String7 type with read CSV?

Hello,

I am trying to import a single column file (very long more than 1 million lines). They are real number, so I thing float64 (numbers like 17, 139.4, 2345.87)

Here is the code

df=CSV.read(“QD.csv”, DataFrame; header = false)
rename!(df,[:Column1] .=> [:QUAL])

But now I just tried

first(df, 10)

and I get something strange

10×1 DataFrame

Row Column1
String7
1 21.54
2 33.09
3 33.09
4 2.66
5 1.43
6 0.77
7 2.93
8 1.59
9 1.34
10 1.3

What is that “String 7”? Why didn’t it recognise the numbers as float, and what is String 7?

And how would I change this to float64?
Thanks a lot

I am a newbie here, sorry if this is an obvious question

EDIT: I tried this

ArgumentError: cannot parse String7(“.”) as Float64

but got

ArgumentError: cannot parse String7(“.”) as Float64

So the problem is that (for some reason) in one of your rows, rather than a number, there’s a singular . with no digits. This isn’t convertible to a Float64.

1 Like

Ok, so the problem is the input file. Ok thanks a lot :slight_smile: I am gonna investigate this.

If the "." is meant to represent missing, you can tell that to CSV.read – I think the keyword argument is missingstrings or something close to that

Actually, there is no missing data, and I also checked for a line where I would only have a singuler .

but

awk ‘/^.$/’ QUAL.csv

returns nothing. Is it possible this is introduced when reading the file? I am really confused

Can the point not be really alone but have whitespace around it?

This is a possibility. The file is an extract from a very complicated kind of bioinformatics file format, and it’s very possible something weird / unexpected happened. But what matters here, is that I know the problem seems not my Julia code, but a problem upstream. Thank you :slight_smile: I will investigate.

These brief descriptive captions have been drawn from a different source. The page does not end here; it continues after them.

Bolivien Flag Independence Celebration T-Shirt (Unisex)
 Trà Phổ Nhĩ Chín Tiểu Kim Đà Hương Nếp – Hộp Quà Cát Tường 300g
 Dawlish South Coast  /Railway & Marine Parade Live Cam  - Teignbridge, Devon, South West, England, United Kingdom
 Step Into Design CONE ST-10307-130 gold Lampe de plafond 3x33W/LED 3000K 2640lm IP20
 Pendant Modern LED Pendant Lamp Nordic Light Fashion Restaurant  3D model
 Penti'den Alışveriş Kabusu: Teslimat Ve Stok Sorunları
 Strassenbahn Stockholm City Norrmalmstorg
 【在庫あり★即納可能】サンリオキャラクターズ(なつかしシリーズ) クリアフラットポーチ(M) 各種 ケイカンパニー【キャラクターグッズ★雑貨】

EDIT: indeed, there is a whitespace somewhere that shouldn’t be there. Thanks a lot :slight_smile:

1 Like

For more information on String7, it is a type from InlineStrings.jl package which is used for working with strings where it helps with allocation and performance.

6 Likes

Thanks, bookmarked :slight_smile:

I would like to thank you all for your friendly welcome.

1 Like